Community Board set to vote on proposed zoning change
The city has decided to build a massive, three-building complex at the intersection of Southern Boulevard and Union Avenue and E. 149th St., where the eviction of the Morning Glory community garden in November led to the arrest of four protesters and a journalist.
The construction of a complex with buildings ranging from eight to 15 stories high requires a zoning change to accommodate denser development than is permitted under the current land use rules.
The complex would include an Easter Seals school for special needs children, 37,000 square feet of retail space and 430 new apartments. The Department of Housing Preservation and Development has chosen Queens-based Douglaston Development. The developer and the city would co-own the building.
HPD spokesman Eric Bederman says the complex will provide “badly needed new affordable apartments for low-income and moderate-income New Yorkers.”
But some residents say the project, dubbed Crossroads Plaza, is being pushed through without enough public notice, and add that it will sacrifice the need for green space to development. They want officials to address concerns about financing, environmental remediation and whether rents will be realistic for Mott Havenites.
“There haven’t been funds secured prior to asking for our support,” said neighborhood activist Mychal Johnson, who heard the Department of Housing and Development’s presentation, and found it short on details. “Not having finances in place gives me uncertainty about the future of the project. We’ve seen sometimes where funding wasn’t secured and it didn’t turn out the way it had been planned.”
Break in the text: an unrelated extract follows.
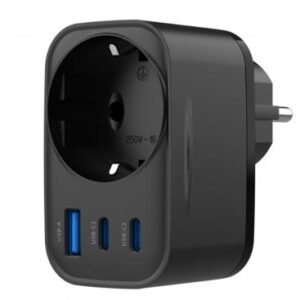 Φορτιστής κινητού Havit UC142 Wall Charger 30W, 3A, 1 x USB-A - 2 x USB-C - 1 x Schuko Black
Johnson also questioned whether the rents would really be affordable to area residents. “The rates they’re using for what they say is affordable don’t apply to our area,” he said.
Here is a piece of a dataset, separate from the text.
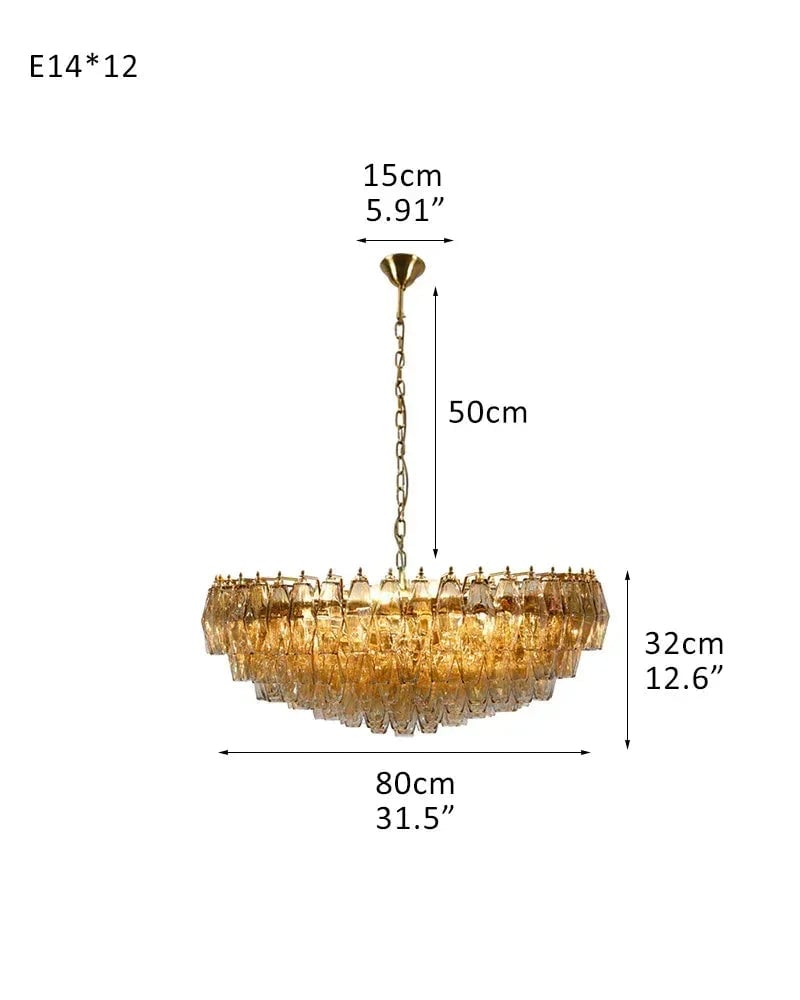Cortina Series Cascading Chandelier | Multi-Tier Hand Blown Polyhedrons Hand-blown Murano glass polyhedrons, Antique brass satin frame with gold enamel for Grand halls and dining rooms Amber American Vintage chandelier lamp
Officials say the eight-story Easter Seals building will be built first, to be followed by 13- and 15-story buildings where the stores and apartments will be located.
The city says apartments in the first building will go for between $808 and $1,135 for one-bedroom apartments and between $979 and $1,371 for two-bedrooms. Families with incomes ranging between $31,700 and $79,320 will be eligible, including a 50 percent preference for residents of Community Board 1.
After hearing the city present its plan in early February, Community Board 1’s Land Use committee agreed almost unanimously to send it to a Feb. 23 vote on the zoning change. City rules require the community board to hold a hearing and vote on zoning changes, then to send the proposal to the borough president. Final decisions on zoning are made by the City Planning Commission and the City Council.
City officials removed the plants—which had been planted without a permit–and fenced off the lot in November. Angry members of the garden group briefly occupied the community board office later that month. When they staged a demonstration in December, police broke it up, arresting five.
Mott Haven resident Aazam Otero who gardened at the site, charged the city used “overly heavy-handed treatment” to evict him and other gardeners, and said the community board is not doing enough to inform the public about the proposal, and may even be trying to avoid public scrutiny. He thinks residents would support the urban farm he and his group want to create, rather than supporting commercial development.
“The community board is not willing to be contested or to give us an opportunity,” he said. “From start to finish, there’s been no real community input.”
Not so, said Cedric Loftin, district manager of Community Board 1, adding all committee meetings are public, and that the area’s 22 Green Thumb-registered community gardens are more than in any other community district.
Loftin said the addition of more gardens is always open to consideration. “It’s not like that avenue is closed to anyone,” he said, but added, “that particular site has been earmarked for affordable housing.”
Speaking for HPD, Bederman offered assurances that any toxic material from the gas station would be cleaned up before construction begins and added that HPD is sensitive to the needs and demands of local gardeners.
“Unfortunately, the people who recently unlawfully entered this city-owned site did not seek permission to do so from HPD,” Bederman wrote in an email, and added they did not “consult the community board to determine the status of this property.”